Carlos sempre teve um grande orgulho no pai. “Sinto-me muito orgulhoso porque ele se considerava português. Quando foi convidado para participar na redacção da Lei Básica, o meu pai insistiu em pedir autorização ao então presidente da República de Portugal. Antes de tudo, era português de Macau.”

Grande parte do actual capítulo sobre as liberdades e garantias da Lei Básica foi feito pela mão de Carlos d’Assumpção. Trabalhou nisso, já doente.

 

Um cavalheiro

Tal é a admiração que a investigadora Celina Veiga de Oliveira tem por Carlos d’Assumpção que está prestes a publicar a sua biografia. Quando se mudou para Macau para dar aulas no liceu, em 1980, já tinha ouvido falar do jurista e político várias vezes em Portugal. “Falaram-me que era um excelente advogado, grande aluno em Coimbra e presidente da AL. Não demorou muito para nos encontrarmos.”

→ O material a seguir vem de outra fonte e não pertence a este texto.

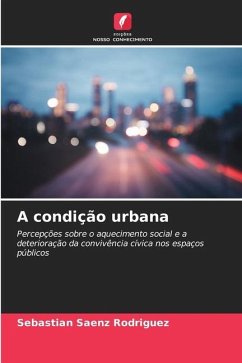 A condição urbana - Sáenz Rodríguez, Sebastián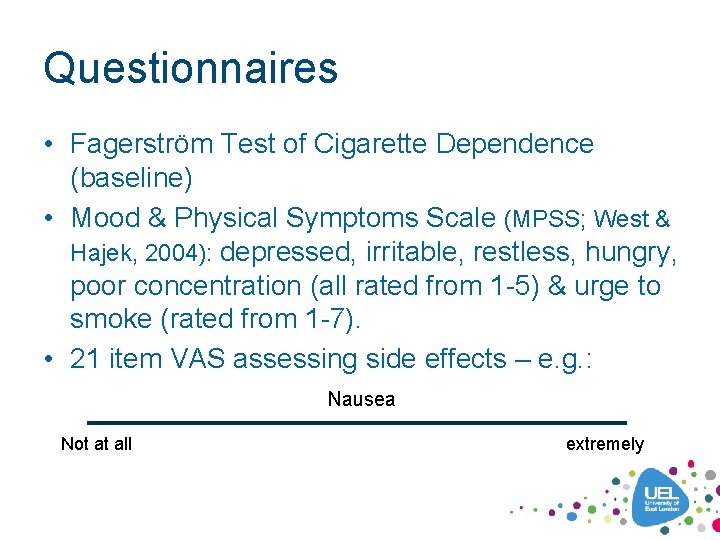 Questionnaires • Fagerström Test of Cigarette Dependence (baseline) • Mood & Physical Symptoms Scale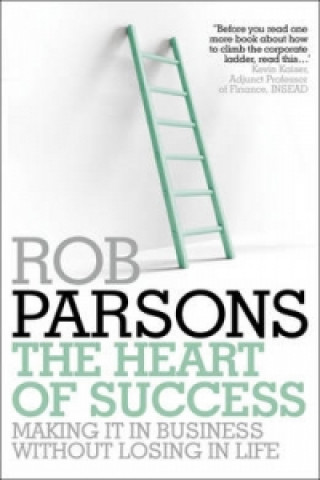 Knjiga Heart of Success Rob Parsons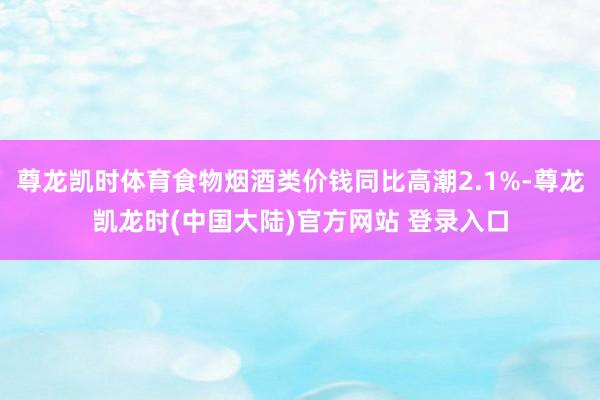 尊龙凯时体育食物烟酒类价钱同比高潮2.1%-尊龙凯龙时(中国大陆)官方网站 登录入口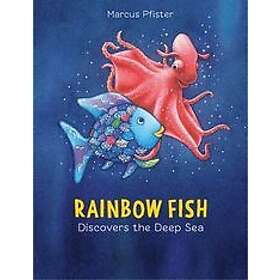 Marcus Pfister: Rainbow Fish Discovers the Deep Sea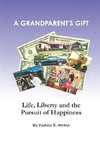 A Grandparent's Gift - Life, Liberty and the Pursuit of Happiness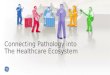 Connecting Pathology into The Healthcare Ecosystem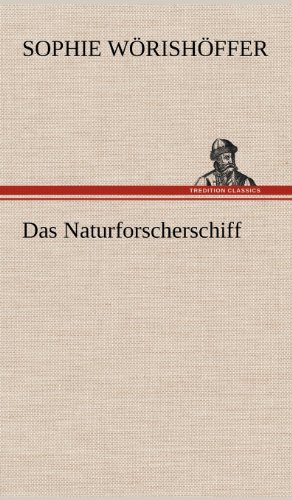 Stock image for Das Naturforscherschiff for sale by Reuseabook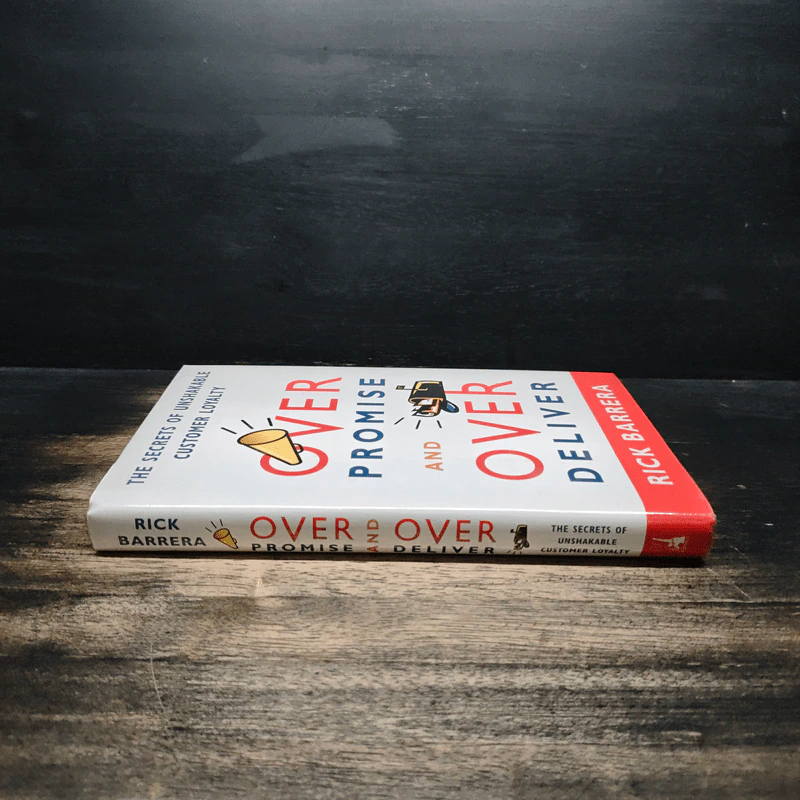Overpromise and Overdeliver - Rick Barrera รูปที่ 3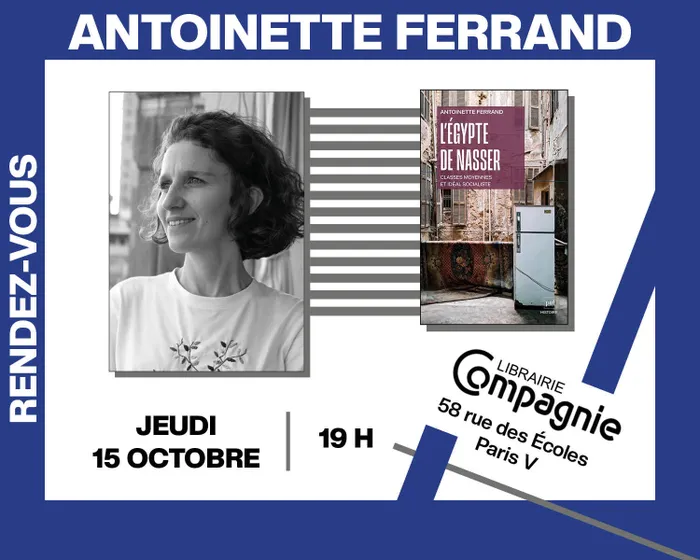 Illustration de l'événement : L'historienne Antoinette Ferrand présente son essai « L'Égypte de Nasser : Classes moyennes et idéal socialiste »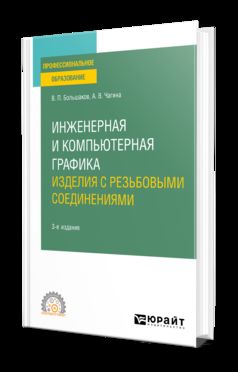 ИНЖЕНЕРНАЯ И КОМПЬЮТЕРНАЯ ГРАФИКА. ИЗДЕЛИЯ С РЕЗЬБОВЫМИ СОЕДИНЕНИЯМИ 3-е изд., испр. и доп. Учебное пособие для СПО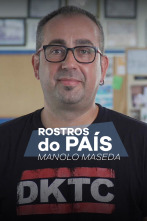 Imagen de Rostros do país (T2): Manolo Maseda - 1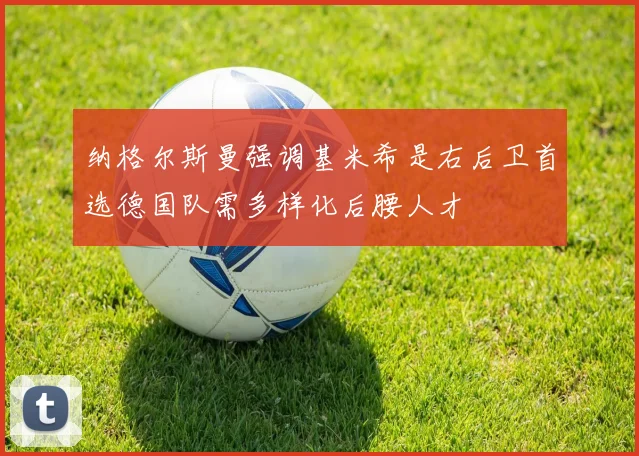 纳格尔斯曼强调基米希是右后卫首选德国队需多样化后腰人才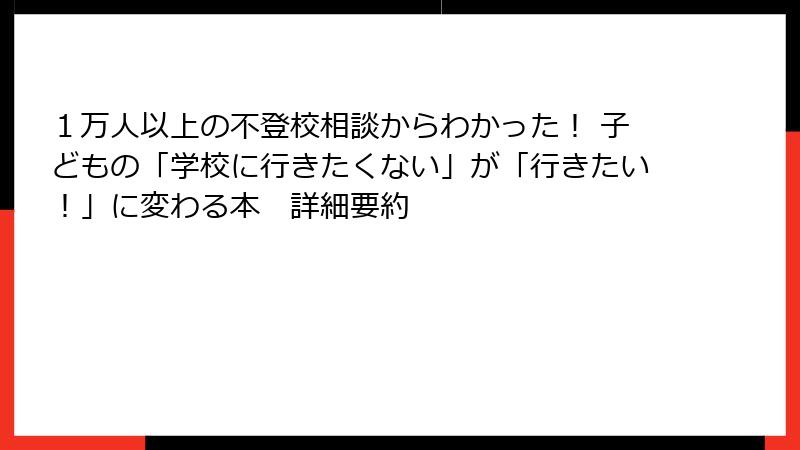 １万人以上の不登校相談からわかった！ 子どもの「学校に行きたくない」が「行きたい！」に変わる本　詳細要約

E as expectativas foram mais do que superadas. “Era uma figura que se destacava, culto, bem educado, elegante, afável para as pessoas e disponível para ajudar os outros”, recorda.

Era ao mesmo tempo discreto. Um verdadeiro cavalheiro. “Não tinha muita vontade de protagonismo, mas tinha um carisma muito forte que toda a gente respeitava. Era um português com um toque britânico. Muito ponderado, tudo o que dizia era com um enorme bom senso, muitíssimo sensato e inteligente.”

A investigadora destaca o facto de Carlos d’Assumpção ter sido sempre eleito deputado pela via directa, o que lhe conferia “muita legitimidade”. Na obra Um Homem de Valor, Celina Veiga de Oliveira presta-lhe homenagem. A fotobiografia deverá ser lançada até ao fim deste ano.

“Tinha uma postura de líder”, acrescenta Anabela Ritchie. Era, no fundo, uma personalidade ímpar. “Ainda hoje penso, se ele continuasse vivo, o que é que faria em determinados momentos, mesmo depois da transição para a China”, diz Leonel Alves. “Costuma-se dizer que ninguém é insubstituível. Neste caso concreto, a substituição é extremamente difícil.”